#### TASK STATEMENT
Extract the listing in its entirety, keeping each line identical to the original.
**********
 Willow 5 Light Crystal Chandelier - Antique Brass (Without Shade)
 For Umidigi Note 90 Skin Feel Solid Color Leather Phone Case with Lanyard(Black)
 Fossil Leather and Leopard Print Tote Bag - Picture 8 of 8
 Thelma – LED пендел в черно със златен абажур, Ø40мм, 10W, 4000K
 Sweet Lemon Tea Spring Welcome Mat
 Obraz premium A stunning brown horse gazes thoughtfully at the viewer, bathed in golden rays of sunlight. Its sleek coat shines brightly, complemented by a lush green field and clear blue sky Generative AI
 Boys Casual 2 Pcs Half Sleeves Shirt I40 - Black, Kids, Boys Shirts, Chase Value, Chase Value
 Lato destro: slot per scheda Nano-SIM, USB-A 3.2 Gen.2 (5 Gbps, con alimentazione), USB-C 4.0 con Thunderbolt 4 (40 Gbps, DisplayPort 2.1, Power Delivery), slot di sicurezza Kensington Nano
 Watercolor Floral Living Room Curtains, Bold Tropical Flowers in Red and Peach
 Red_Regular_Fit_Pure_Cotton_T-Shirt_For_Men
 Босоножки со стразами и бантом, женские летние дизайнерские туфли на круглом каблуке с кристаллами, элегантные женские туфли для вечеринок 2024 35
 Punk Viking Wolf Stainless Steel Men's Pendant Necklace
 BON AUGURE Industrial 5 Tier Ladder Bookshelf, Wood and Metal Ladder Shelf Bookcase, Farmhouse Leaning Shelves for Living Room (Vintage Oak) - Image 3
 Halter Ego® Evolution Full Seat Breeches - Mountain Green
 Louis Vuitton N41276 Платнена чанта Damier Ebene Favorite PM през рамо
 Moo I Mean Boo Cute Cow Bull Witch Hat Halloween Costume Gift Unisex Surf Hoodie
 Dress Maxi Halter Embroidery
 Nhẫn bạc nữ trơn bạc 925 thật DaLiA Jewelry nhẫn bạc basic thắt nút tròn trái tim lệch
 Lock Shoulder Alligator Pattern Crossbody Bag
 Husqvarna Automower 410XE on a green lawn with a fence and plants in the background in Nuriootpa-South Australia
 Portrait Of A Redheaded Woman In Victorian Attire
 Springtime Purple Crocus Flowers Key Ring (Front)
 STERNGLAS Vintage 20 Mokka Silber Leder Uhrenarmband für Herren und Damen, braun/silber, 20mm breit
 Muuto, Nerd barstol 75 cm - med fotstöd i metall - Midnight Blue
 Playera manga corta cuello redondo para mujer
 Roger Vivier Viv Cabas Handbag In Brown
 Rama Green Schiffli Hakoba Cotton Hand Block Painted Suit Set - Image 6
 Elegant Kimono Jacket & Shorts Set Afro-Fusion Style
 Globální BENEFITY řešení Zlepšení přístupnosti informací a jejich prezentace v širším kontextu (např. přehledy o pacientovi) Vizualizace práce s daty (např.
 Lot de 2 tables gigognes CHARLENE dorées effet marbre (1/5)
**********
#### TASK RESULT
 Willow 5 Light Crystal Chandelier - Antique Brass (Without Shade)
 For Umidigi Note 90 Skin Feel Solid Color Leather Phone Case with Lanyard(Black)
 Fossil Leather and Leopard Print Tote Bag - Picture 8 of 8
 Thelma – LED пендел в черно със златен абажур, Ø40мм, 10W, 4000K
 Sweet Lemon Tea Spring Welcome Mat
 Obraz premium A stunning brown horse gazes thoughtfully at the viewer, bathed in golden rays of sunlight. Its sleek coat shines brightly, complemented by a lush green field and clear blue sky Generative AI
 Boys Casual 2 Pcs Half Sleeves Shirt I40 - Black, Kids, Boys Shirts, Chase Value, Chase Value
 Lato destro: slot per scheda Nano-SIM, USB-A 3.2 Gen.2 (5 Gbps, con alimentazione), USB-C 4.0 con Thunderbolt 4 (40 Gbps, DisplayPort 2.1, Power Delivery), slot di sicurezza Kensington Nano
 Watercolor Floral Living Room Curtains, Bold Tropical Flowers in Red and Peach
 Red_Regular_Fit_Pure_Cotton_T-Shirt_For_Men
 Босоножки со стразами и бантом, женские летние дизайнерские туфли на круглом каблуке с кристаллами, элегантные женские туфли для вечеринок 2024 35
 Punk Viking Wolf Stainless Steel Men's Pendant Necklace
 BON AUGURE Industrial 5 Tier Ladder Bookshelf, Wood and Metal Ladder Shelf Bookcase, Farmhouse Leaning Shelves for Living Room (Vintage Oak) - Image 3
 Halter Ego® Evolution Full Seat Breeches - Mountain Green
 Louis Vuitton N41276 Платнена чанта Damier Ebene Favorite PM през рамо
 Moo I Mean Boo Cute Cow Bull Witch Hat Halloween Costume Gift Unisex Surf Hoodie
 Dress Maxi Halter Embroidery
 Nhẫn bạc nữ trơn bạc 925 thật DaLiA Jewelry nhẫn bạc basic thắt nút tròn trái tim lệch
 Lock Shoulder Alligator Pattern Crossbody Bag
 Husqvarna Automower 410XE on a green lawn with a fence and plants in the background in Nuriootpa-South Australia
 Portrait Of A Redheaded Woman In Victorian Attire
 Springtime Purple Crocus Flowers Key Ring (Front)
 STERNGLAS Vintage 20 Mokka Silber Leder Uhrenarmband für Herren und Damen, braun/silber, 20mm breit
 Muuto, Nerd barstol 75 cm - med fotstöd i metall - Midnight Blue
 Playera manga corta cuello redondo para mujer
 Roger Vivier Viv Cabas Handbag In Brown
 Rama Green Schiffli Hakoba Cotton Hand Block Painted Suit Set - Image 6
 Elegant Kimono Jacket & Shorts Set Afro-Fusion Style
 Globální BENEFITY řešení Zlepšení přístupnosti informací a jejich prezentace v širším kontextu (např. přehledy o pacientovi) Vizualizace práce s daty (např.
 Lot de 2 tables gigognes CHARLENE dorées effet marbre (1/5)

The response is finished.